Paris Dreams, Paris Memories
How did Paris become the world favorite it is today? Charles Rearick argues that we can best understand Paris as several cities in one, each with its own history and its own imaginary shaped by dream and memory. Paris has long been at once a cosmopolitan City of Light and of modernity, a patchwork of time-resistant villages, a treasured heirloom, a hell for the disinherited, and a legendary pleasure dome. Each of these has played a part in making the enchanting, flawed city of our time.
Focusing on the last century and a half, Paris Dreams, Paris Memories makes contemporary Paris understandable.
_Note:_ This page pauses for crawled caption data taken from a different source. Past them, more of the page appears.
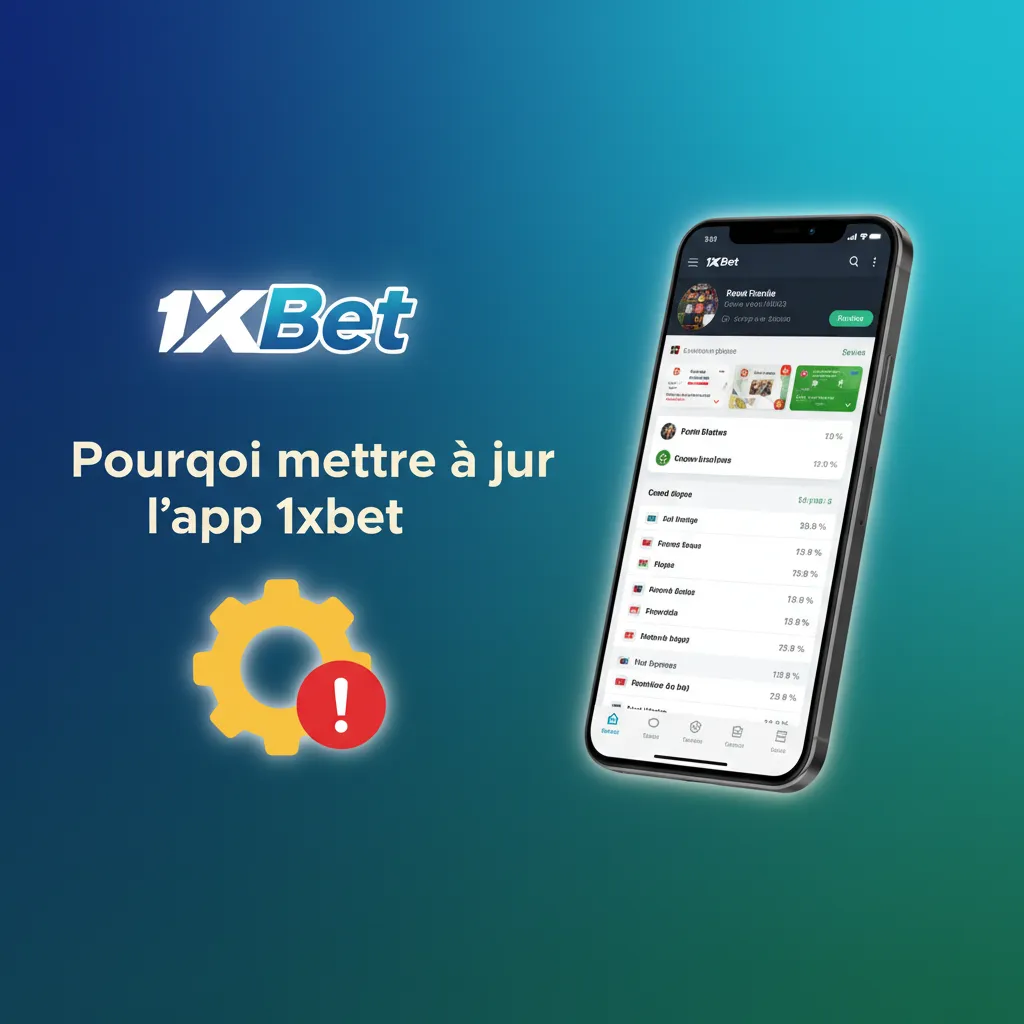 Smartphone 1xbet affichant une mise à jour: bugs corrigés, plus rapide, sécurité renforcée, paiements, cash out, cotes live.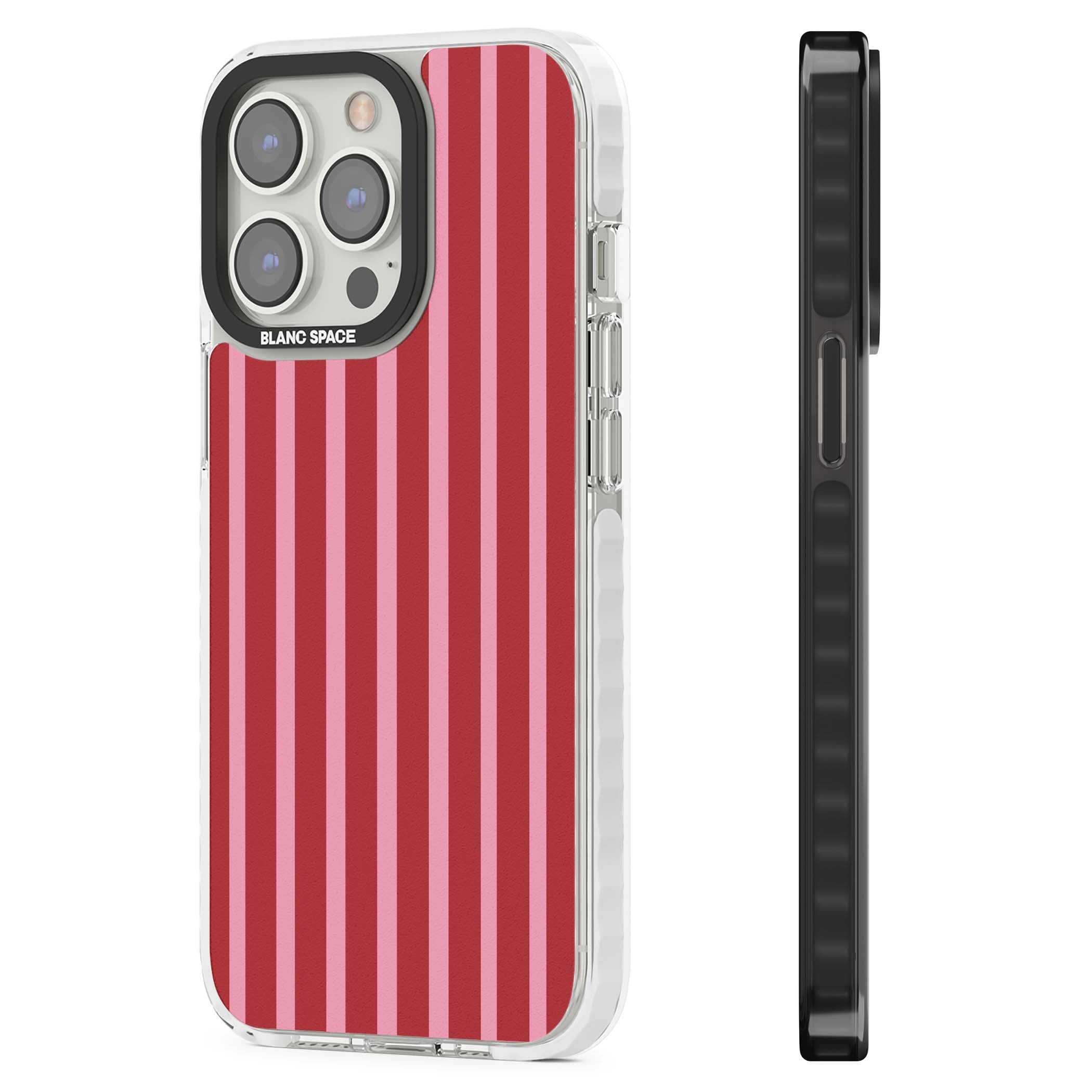 Raspberry Stripe coquette iPhone case featuring red and pink vertical stripes in a candy-inspired pattern | Clear Impact case for iPhone 13 Pro, iPhone 14 Pro, iPhone 15 Pro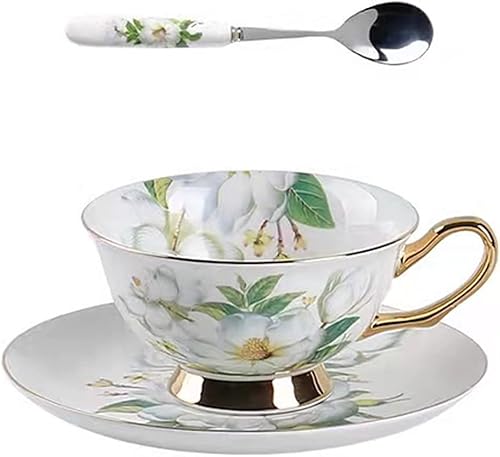 Honorable Taza de café, capuchino, taza de té, con platillo para latte, porcelana de hueso fino, esmalte reactivo, 6.8 onzas-1 unidad (Camelia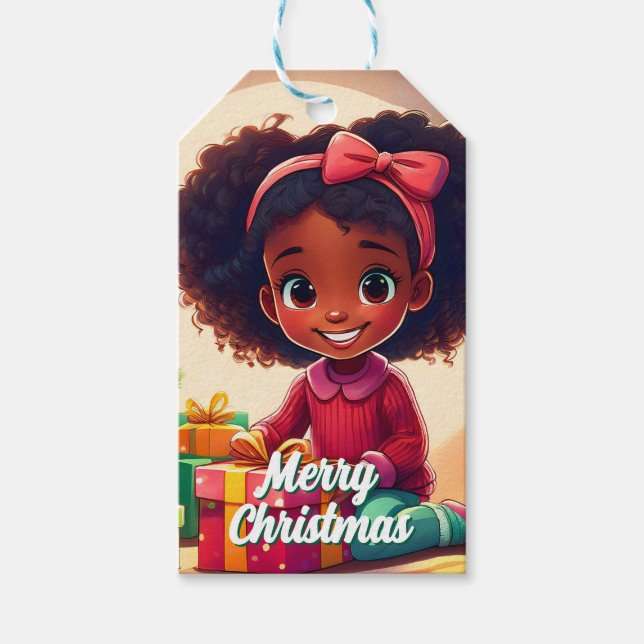 Little Black Girl öppnar Presenter Presentetikett (Framsidan)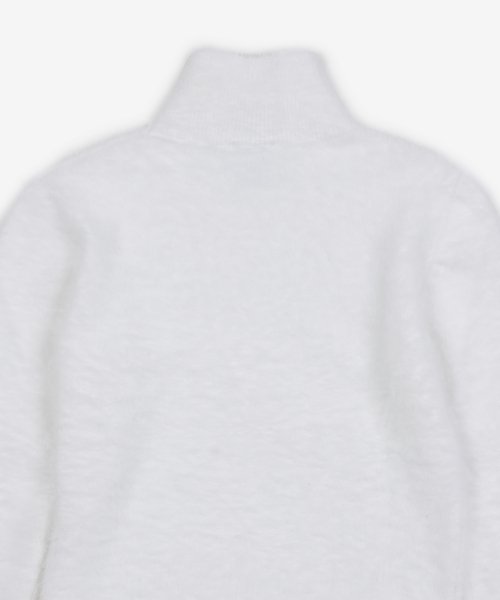 Women's hairy slim knit - white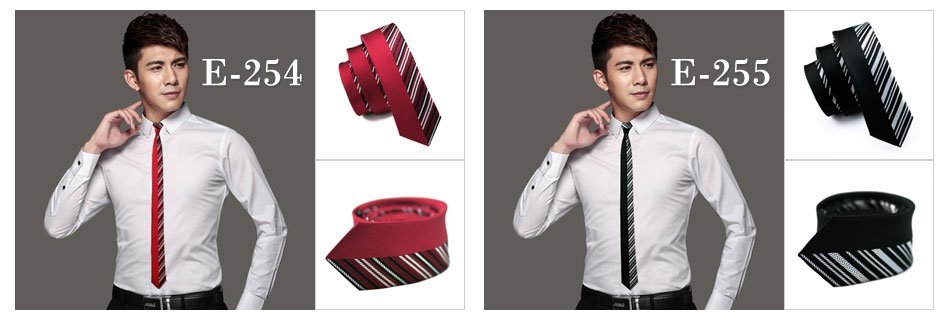 Two Faced Solid & Striped Slim Silk Necktie - 6cm - Image 4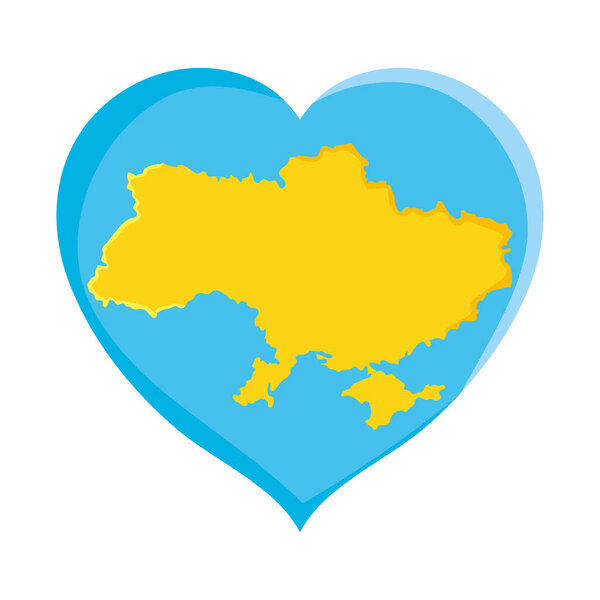 heart with ukraine map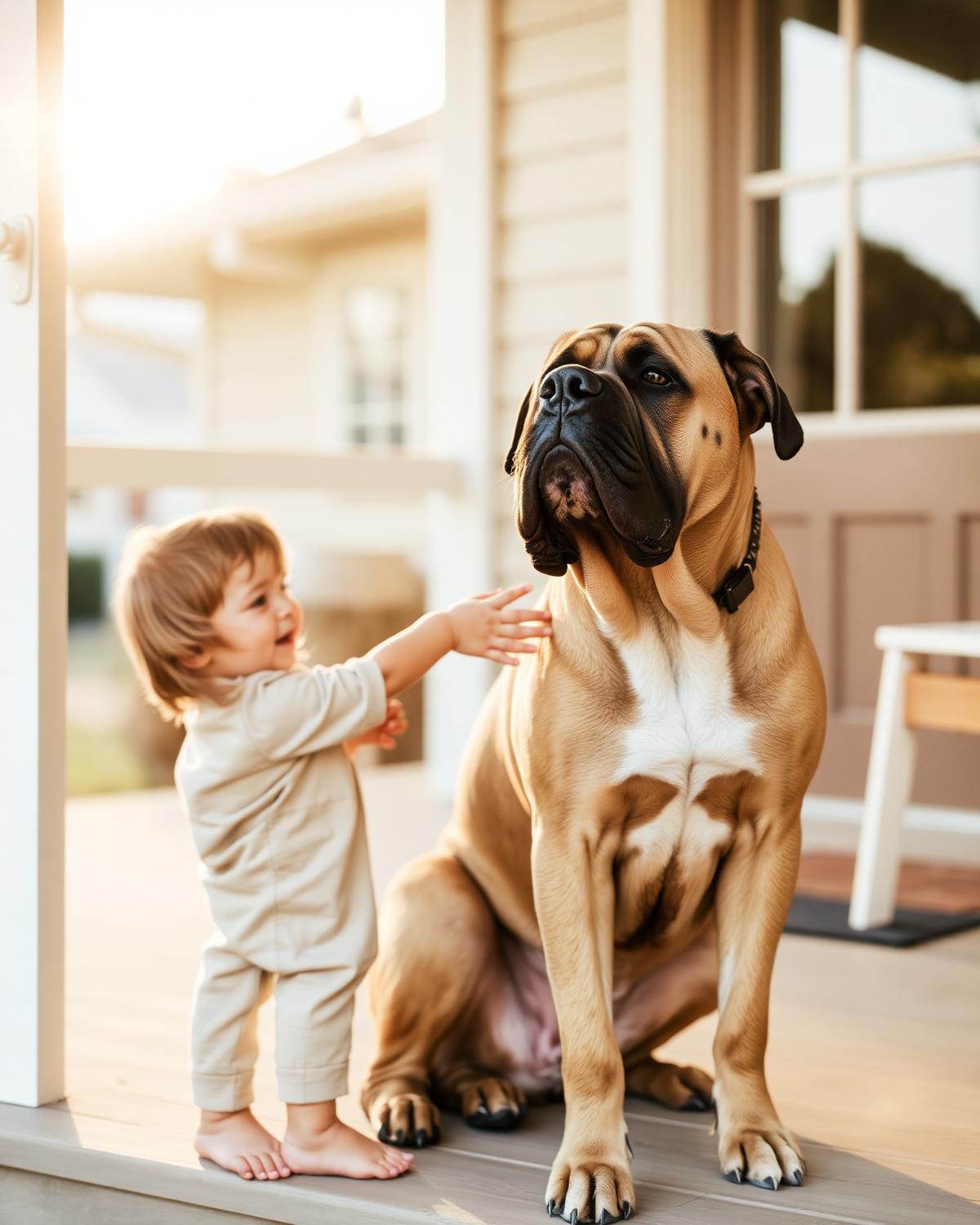 Toddler greeting a calm Cane Corso on the porch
It tells of renewal projects radically transforming neighborhoods and of counter-measures taken to perpetuate the city's historic character and soul. It provides a historically grounded look at the troubled suburbs, barren of monuments and memories, a dumping ground for unwanted industries and people. Further, it tests long-standing characterizations of Paris's uniqueness through comparisons with such rivals as London and Berlin. Paris Dreams, Paris Memories shows that in myriad forms—buildings, monuments, festivities, and artistic portrayals—contemporary Paris gives new life to visions of the city long etched in Parisian imaginations.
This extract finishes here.